[Material provided — start]

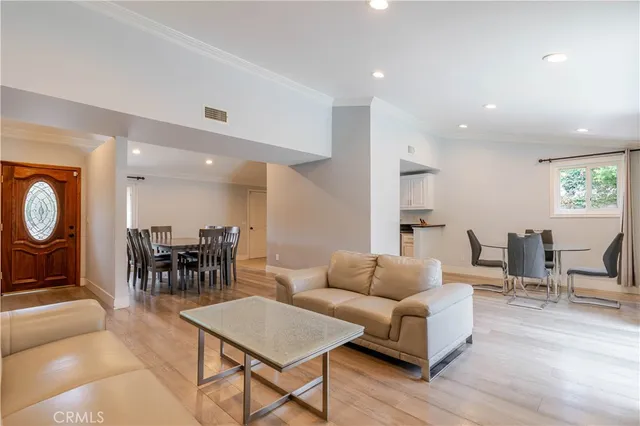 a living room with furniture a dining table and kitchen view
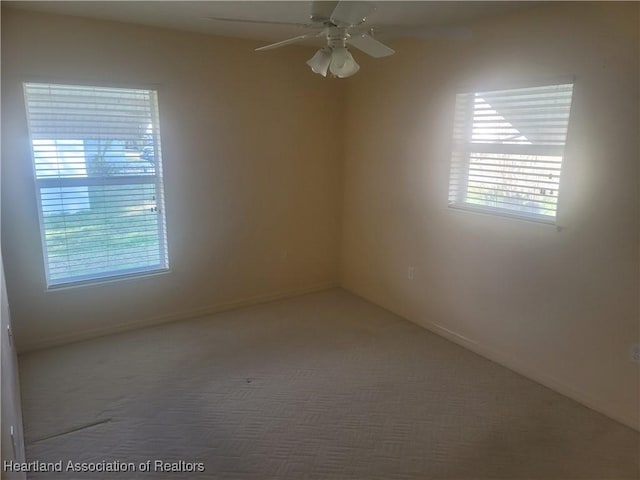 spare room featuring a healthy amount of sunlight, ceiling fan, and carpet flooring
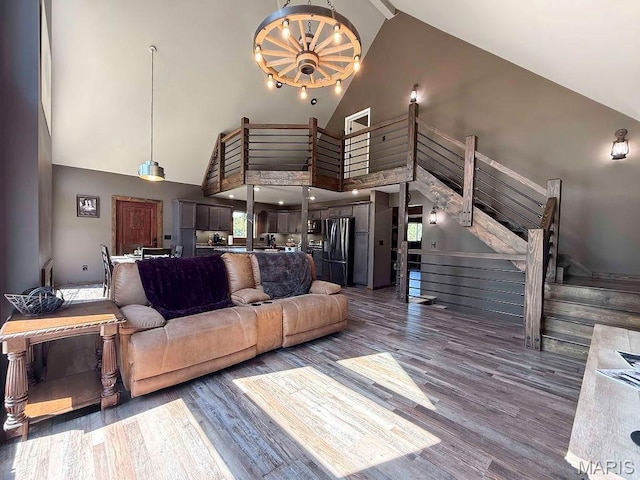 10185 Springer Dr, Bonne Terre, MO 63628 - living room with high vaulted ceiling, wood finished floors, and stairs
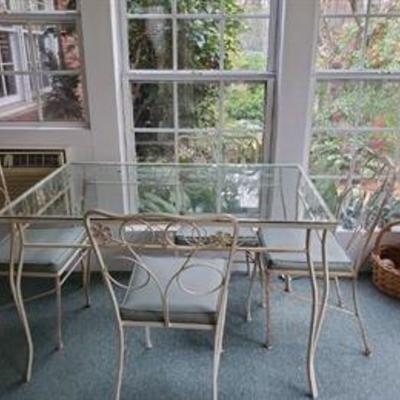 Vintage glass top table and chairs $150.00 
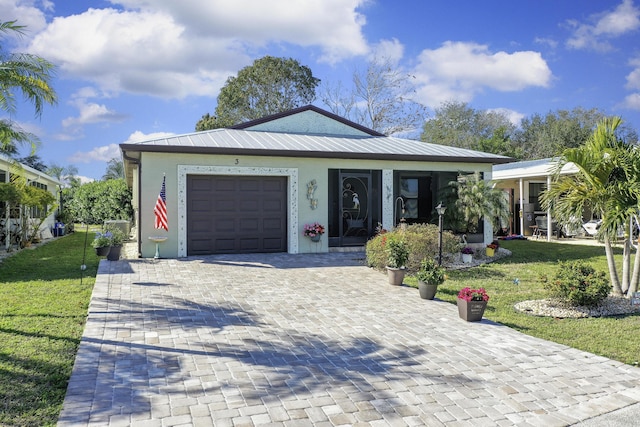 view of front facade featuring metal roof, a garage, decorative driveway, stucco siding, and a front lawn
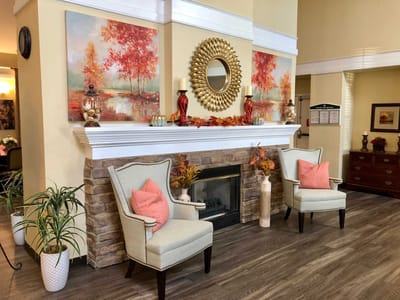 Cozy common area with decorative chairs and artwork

[Material provided — finish]

◆ **Required work**: Nothing but the lines from the line containing "Vintage glass top table and chairs $150.00" through the last line of the listing above should appear, output exactly, with no pictures.

◆ **Exercise answer**:
 Vintage glass top table and chairs $150.00 
 view of front facade featuring metal roof, a garage, decorative driveway, stucco siding, and a front lawn
 Cozy common area with decorative chairs and artwork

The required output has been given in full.